Falco Privatstiftung and Thomas Rabitsch v Gisela Weller-Lindhorst (ECJ (Fourth Chamber); C-533/07; 23.04.09)
The reference was made in proceedings between Falco Privatstiftung (“F”) a foundation established in Vienna and Mr Rabitsch (“R”) residing in Vienna and Ms Weller-Lindhorst (“ML”) domiciled in Munich. F and R were responsible for administering the copyright of the late Austrian rap star Falco. F and R brought proceedings in Austria against ML for the payment of royalties, calculated by reference to, inter alia, video recordings and audio recordings. F and R’s claim in relation to the video recordings was based on the terms of a contract. The claim in relation to the audio recordings was based on copyright infringement.
At first instance, the Handelsgericht Wien (Commercial Court, Vienna), held that it had jurisdiction to rule on both claims. Since the audio recordings were sold in Austria the Court declared itself competent to hear the copyright infringement allegation. Given the close connection between the copyright infringement action and the claim for royalties under the licence for the video recordings, the Court concluded that it also had jurisdiction to hear this part, pursuant to Article 5(3) of Regulation 44/2001. Article 5(3) provides that, in matters relating to tort, a person domiciled in one Member State may be sued in courts of another Member State if the harmful event occurred (or may occur) there. On appeal, the Oberlandesgericht Wien (Higher Regional Court, Vienna) confirmed jurisdiction of the copyright claim. However, it held that Article 5(3) was not applicable to contractual rights. The Court also held that the second indent of Article 5(1)(b) (which provides that, in contracts for the provision of services, a person domiciled in one Member State may be sued in the courts of another Member State where the services were, or should have been, provided) was not applicable, since the contract in question was not a contract for the provision of services within the meaning of that provision.
An appeal on a point of law was brought before the Oberster Gerichtshof (Supreme Court). The Court noted that the concept of ‘provision of services’ was not defined in Regulation 44/2001 and referred three questions to the ECJ. The second question fell away as a result of the answer to the first.

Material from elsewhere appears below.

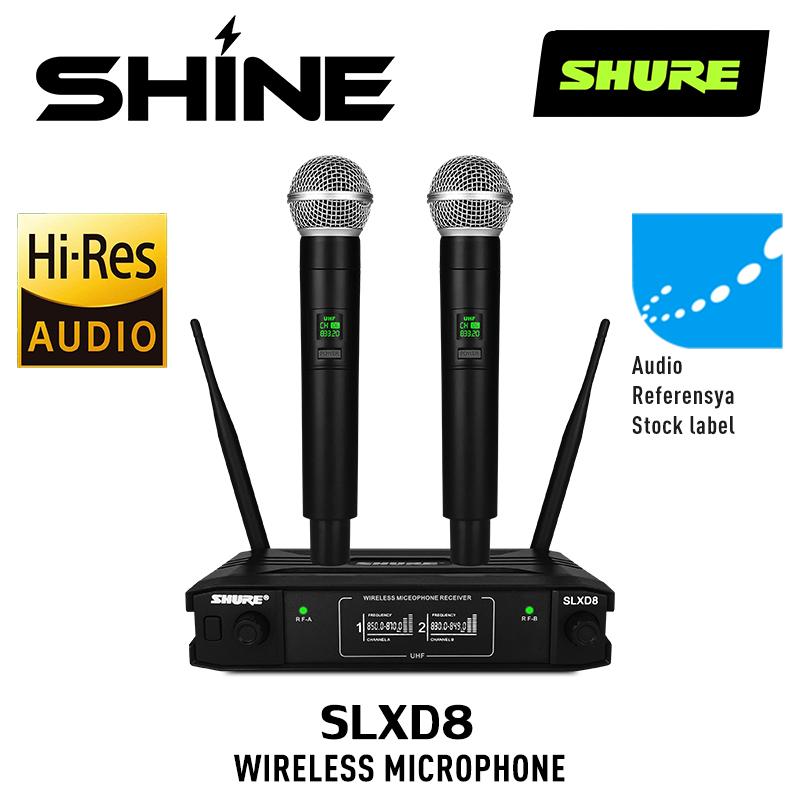 Wireless Microphone SHURE digital wireless mic system stable signal ...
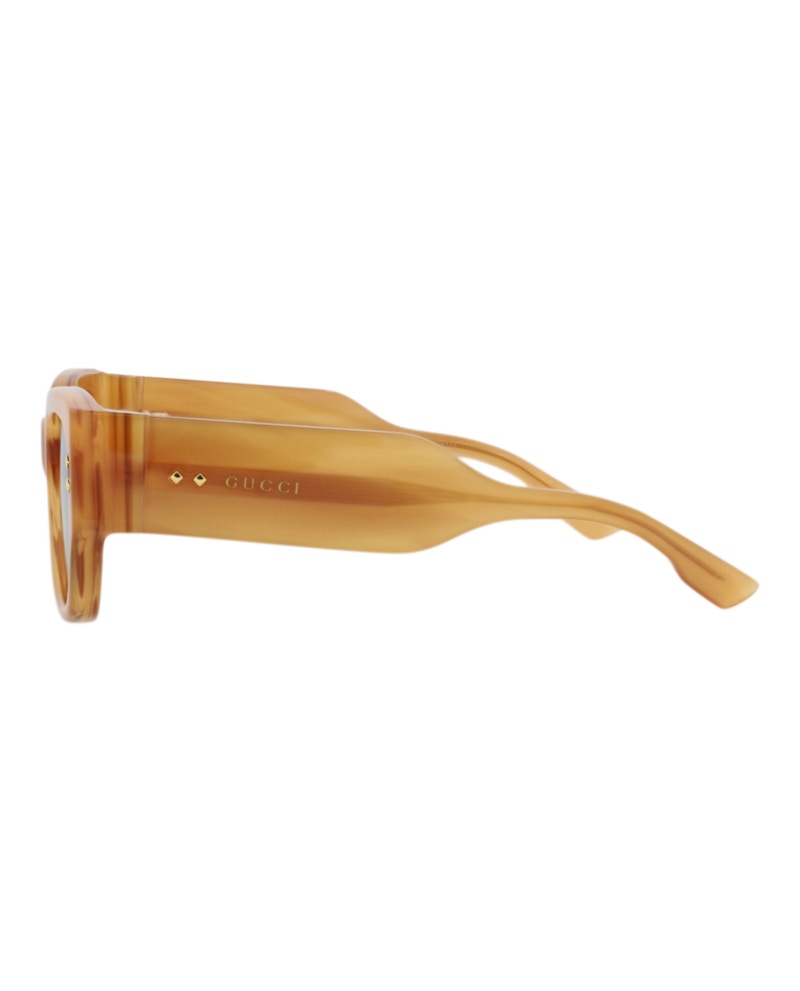 Gucci Square-Frame Recycled Acetate Sunglasses Havana Havana Green (GG1261S-30013840-004)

(1) The ECJ, agreeing with the Advocate General and the observations of the German, Italian and UK governments, held that a contract under which the owner of an intellectual property right grants the other contracting party the right to use that right (a licence agreement) is not a contract regarding ‘the provision of services’ within the meaning of Article 5(1)(b). This was because Article 5(1)(b) was a rule of special jurisdiction (as opposed the general rule of domiciled-based jurisdiction). Accordingly, as an exception to the general rule, it should not be interpreted too broadly.
The concept of ‘service’ implied, as a minimum, that the party who provided the service carried out a particular activity in return for remuneration. It could not be inferred from a contract under which the owner of an intellectual property right grants the right to use that right in return for remuneration that such an activity was involved. The only obligation which the owner of the right undertook with regard to its contractual partner was not to challenge the use of that right by the latter.
(2) In order to determine, under Article 5(1)(a), which Court has jurisdiction over an application for remuneration owed pursuant to a contract of the type described in (1) above, reference must continue to be made to the principles which result from the Court’s case law relating to Article 5(1) of the Brussels Convention.
This was because of the near-identical copy of the wording of the two pieces of legislation. Although Regulation 44/2001 was intended to update the Brussels Convention, it sought at the same time to retain its structure and basic principles and to ensure its continuity. Moreover, the continuity of interpretation was consistent with the requirements of legal certainty which dictated that the long-standing case law of the Court, which the Community legislature did not intend to alter, should not be called into question.